Nanna, cette année au Kosovo

C'est ainsi que le célèbre savant Fitim Salihu marque le 28 novembre : “Il a chanté des sifflets, maman, cette année au Kosovo ? Le drapeau s'est-il levé le 28 novembre?” C'est la lettre d'un garçon de prison écrivant à sa mère pour l'encourager à se renforcer. Entre autres, le fils emprisonné demande à sa mère que [...]
Tu pourrais chanter des sifflets, nana, cette année au Kosovo ? Le drapeau s'est-il levé le 28 novembre?” C'est la lettre d'un garçon de prison écrivant à sa mère pour l'encourager à se renforcer. Entre autres choses, le garçon emprisonné demande à sa mère que par sa lettre elle transmet l'atmosphère du 28 novembre qu'il ne peut pas apprécier parce que les barreaux la séparent d'elle. “A porte jeune, nain, rouge et noir,” demande sa sous-position.
C'est juste une chanson, mais les personnages et l'histoire de cette chanson : Le fils emprisonné et la petite mère sont l'histoire de milliers de prisonniers politiques et de leurs mères au Kosovo.
Merde.
Chaque 28 novembre, la réflexion révérencielle et humble en mémoire de tous ces braves et héros qui sont tombés et ont survécu dans des générations d'histoire remplies de douleur et de gloire.
Le 28 novembre est le jour férié de chaque Albanais. Toutefois, les millions d ' Albanais qui sont restés sous la Yougoslavie et se sont vu refuser l ' identité nationale se sont vu imposer une charge particulière. Ils ont été emprisonnés et tués seulement parce qu'ils entendaient “Radio Tirana” ou habillés en rouge et en noir.
Merde.
“Mon nom est Asim Qerim” L'histoire d'un Kosovar qui a grandi orphelin parce que dans son enfance, il a fait tuer son père “calliques, podporucniques et glavniques”, par ordre du “vojvoda et ses Krauts parce que l'ancien Kosovo”. Ils ont pris sa terre. Ils l'ont enlevé de la cour et ont construit des maisons pour eux-mêmes dans sa cour.
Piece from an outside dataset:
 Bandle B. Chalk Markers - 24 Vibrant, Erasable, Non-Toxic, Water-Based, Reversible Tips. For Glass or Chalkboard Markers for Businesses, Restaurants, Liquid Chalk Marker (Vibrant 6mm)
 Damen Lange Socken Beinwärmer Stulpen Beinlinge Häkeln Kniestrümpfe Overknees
Ils ont essayé d'acheter et l'ont exhorté à tuer ses frères. Ils sont partis pour Anadol. Je suis hors du champ, mais le sang de mon père a disparu. Et je suis resté ici, étranger, comme un chien, dans mon pays, chez mon père...”
Asim Qerim est le personnage de ce poème “Je suis albanais du Kosovo” écrit par un poète de mousse, Mitrush Kuttel, le grand Mitrush. Asim a décidé de conserver le beau-père denbabaden “alors que la montagne devient de nouveau des cendres et des cendres de montagne”. Asim Qerim est le prototype du Kosovar opprimé, humilié, assassiné et blessé.
Merde.
Une chanson et un poème ne peuvent même pas répéter la souffrance d'un orphelin adulte qui a été nié même mentionner sa mère. Mais aussi bien les chansons que les poèmes sont des exemples reflétant l'histoire des Albanais de Yougoslavie.
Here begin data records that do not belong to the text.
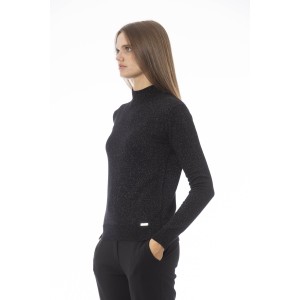 Turtleneck Sweater. Long Sleeves. Ribbed Neck Wrists And Bottom Of The Knit. Monogram Baldinini Trend In Metal.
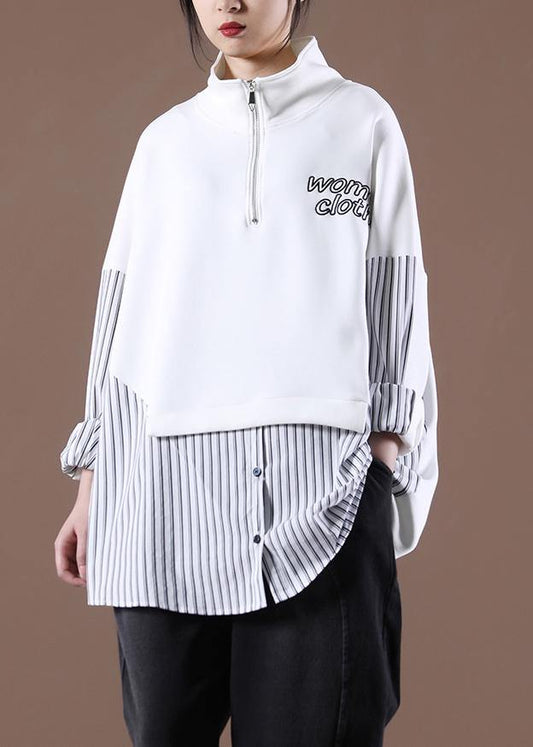 Women White Unique Zipper Stylish Spring Tops - SooLinen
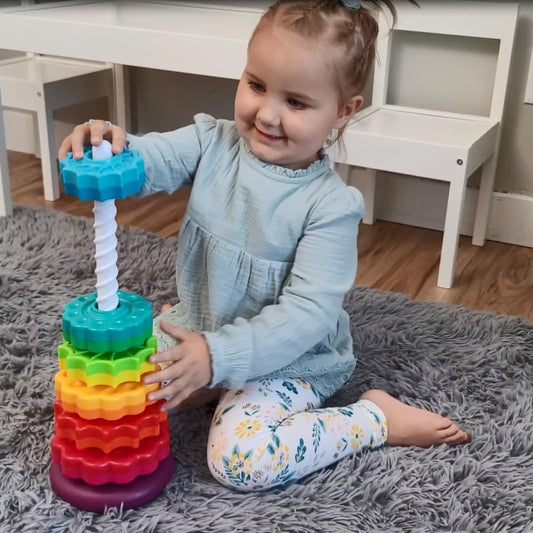 Luckfuture rainbow stacking rings promote color differentiation and precise stacking during play.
Il ne peut pas venir en 28. Novembre et ne pensez pas à cette autre génération mondiale comme Kadare les appellerait qui ont pu tout sacrifier pour leur liberté. À cette génération qui est née, il a grandi et est mort avec des larmes dans les yeux et les yeux grands ouverts, sans réaliser son rêve de voir la pomme interdite, l'Albanie, encore une fois. Et surtout, à cette génération qui a donné sa vie de sorte qu'aujourd'hui à Pristina elle va librement sonner le drapeau et aujourd'hui nous avons notre pays avec de nombreux problèmes, mais il est toujours à nous, et où personne ne vous met dans l'espace pendant 15 ans juste parce que vous l'avez mis en place.
Merde.
Félicitations le 28 novembre. Va jusqu'à la semence qui a semé la semence, et réjouis-toi de la génération qui a goûté le fruit. Jusqu'à ce que la montagne devienne de nouveau cendre et cendre. ”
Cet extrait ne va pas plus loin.